Baked Tofu with Asian Slaw
This is a super easy weeknight meal and something I always fall back on when I want a quick, healthy, and filling dinner! You can definitely play around with variations on veggie add-ins, spices on your tofu, or rice noodles instead of rice. Lots of room for experimentation here!
I suggest finishing the meal off with peanut sauce, a little soy sauce, and Sriracha. Enjoy!
INGREDIENTS
2 packages extra firm tofu
Onion powder
Garlic powder
Chili powder
Ginger
½ tbsp sesame oil
1 16 oz. package broccoli slaw
2 bunches fresh kale (or 1 cup frozen)
½ cup frozen sweet peas
½ cup shelled edamame
Liquid aminos (or soy sauce)
Sesame seeds
NOTE: I like to eat this dish over white rice, but you can also use rice noodles. What’s great about this meal is that everything can cook at the same time!

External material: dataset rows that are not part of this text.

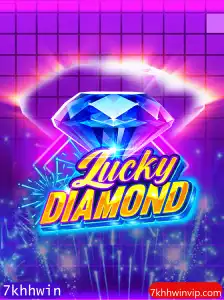 LuckyDiamond: Descubra a Nova Sensação do Mundo dos Jogos com 7khhwin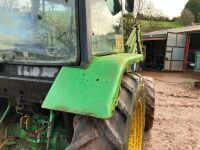 1988 JOHN DEERE 2450 4WD TRACTOR - 32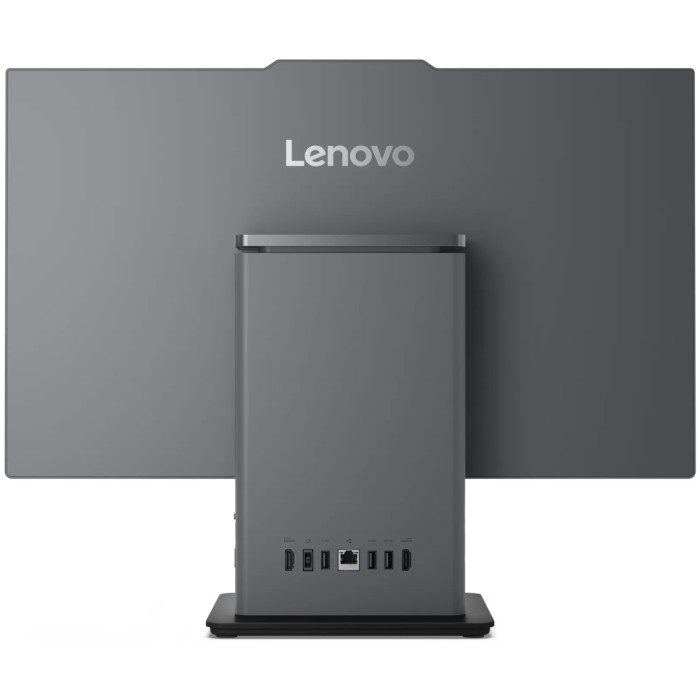 Lenovo ThinkCentre neo 50a 24 Gen 5 12SD000CRU серый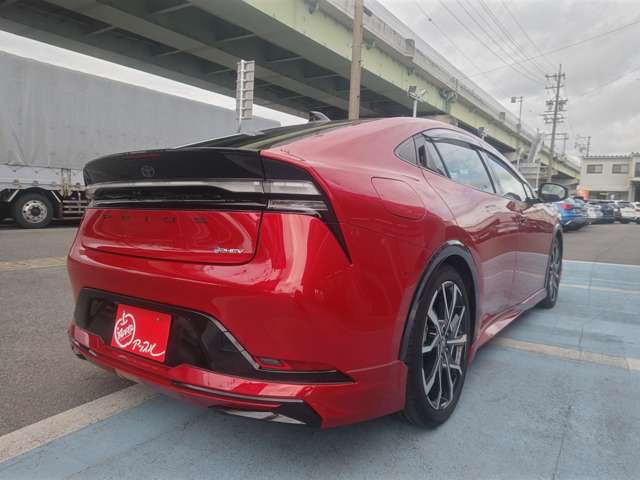 トヨタ プリウスＰＨＶ ２．０ プラグインハイブリッド Ｚ R5年 (東海) 99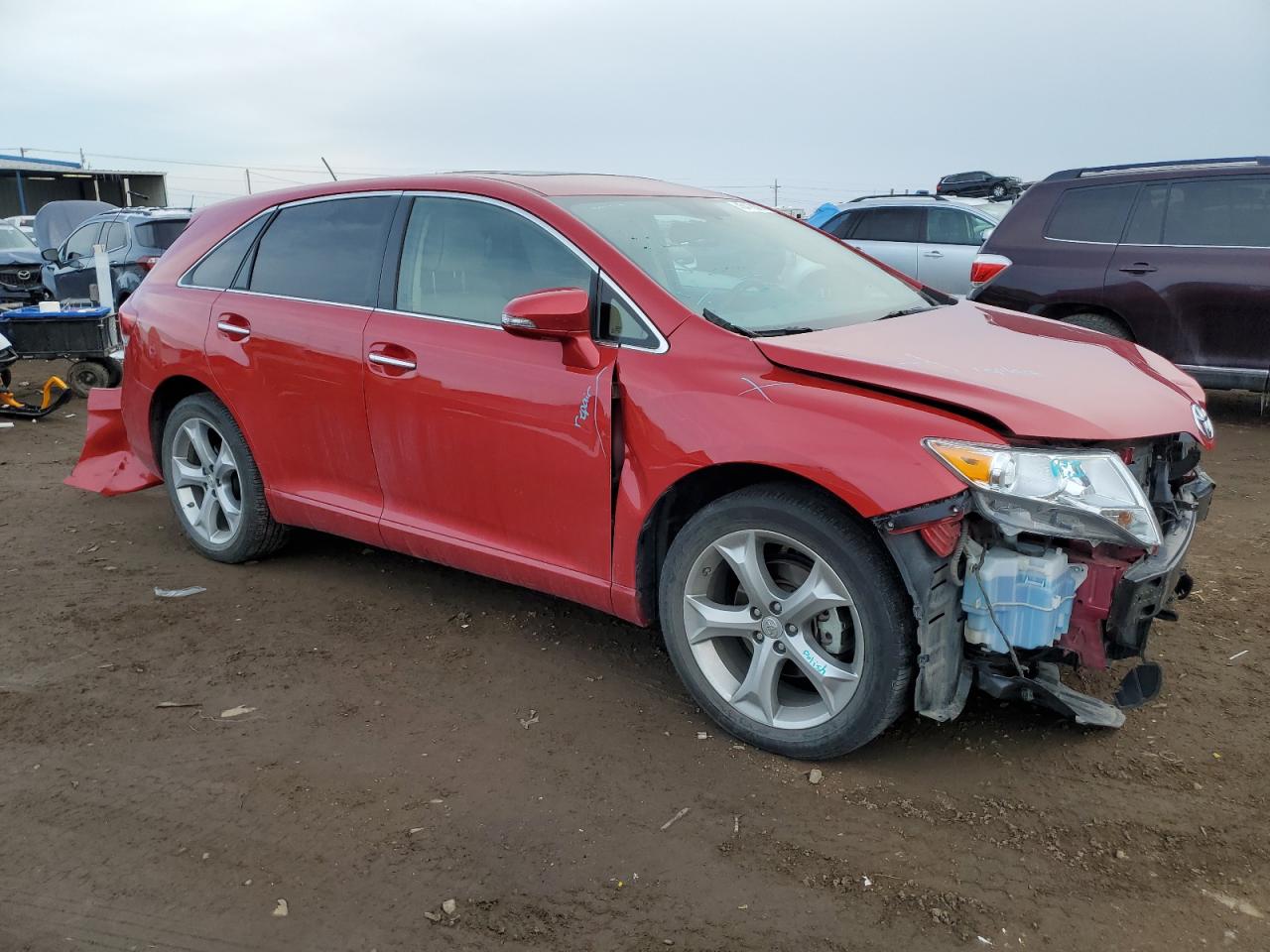 2015 Toyota Venza - Image 4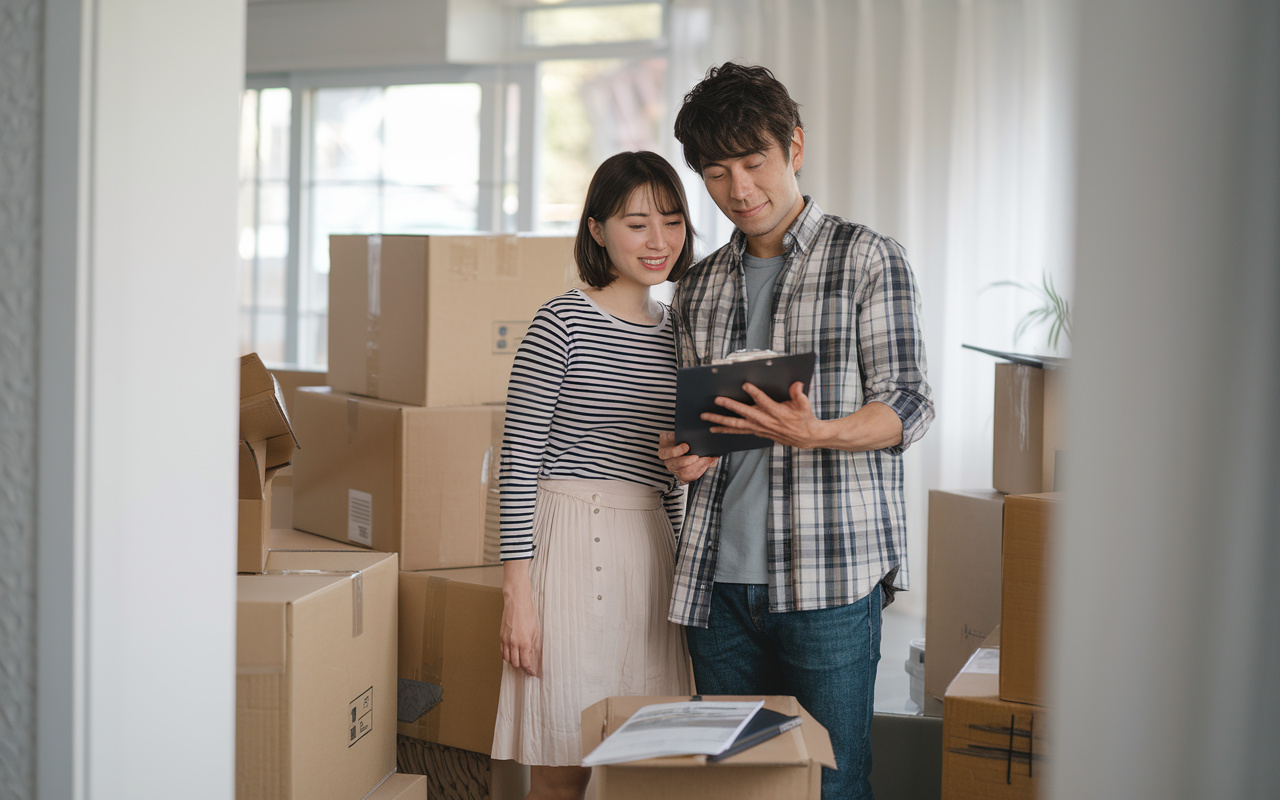 一戸建て購入時のライフライン手続きは何が必要？住宅購入の時期ごとの進め方も紹介の画像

I start my rice in the rice cooker first, prep my tofu and throw it in the oven, and then cook the slaw while I wait for the tofu and rice to finish. Super easy and so, so good!
1. Preheat oven to 450. Line a baking sheet with foil and spray with cooking spray. Drain or squeeze tofu of all liquid. Cut tofu into cubes that are about 1 inch x 1 inch. (This doesn’t have to be exact–just medium sized cubes. If the cubes are too small, they will get too crunchy. Medium sized cubes will be crispy on the outside and soft on the inside.)
2. Place tofu cubes on the baking sheet. Sprinkle liberally with onion powder, garlic powder, chili powder, and ginger. Bake in the oven for 20-25 minutes, or until outsides are golden brown and insides are soft.
3. While the tofu is cooking, make the slaw. Heat the sesame oil in a large pan. Place broccoli slaw, kale, sweet peas, edamame, liquid aminos, and sesame seeds in the pan. Cook on medium heat for 10-15 minutes, or until slaw has cooked down.
4. Place the cooked slaw and baked tofu on top of rice. Drizzle with peanut sauce, soy sauce, and Sriracha. For an easy homemade peanut sauce, I combine peanut butter, soy sauce, sesame oil, Sriracha, and hot water until it is a sauce consistency.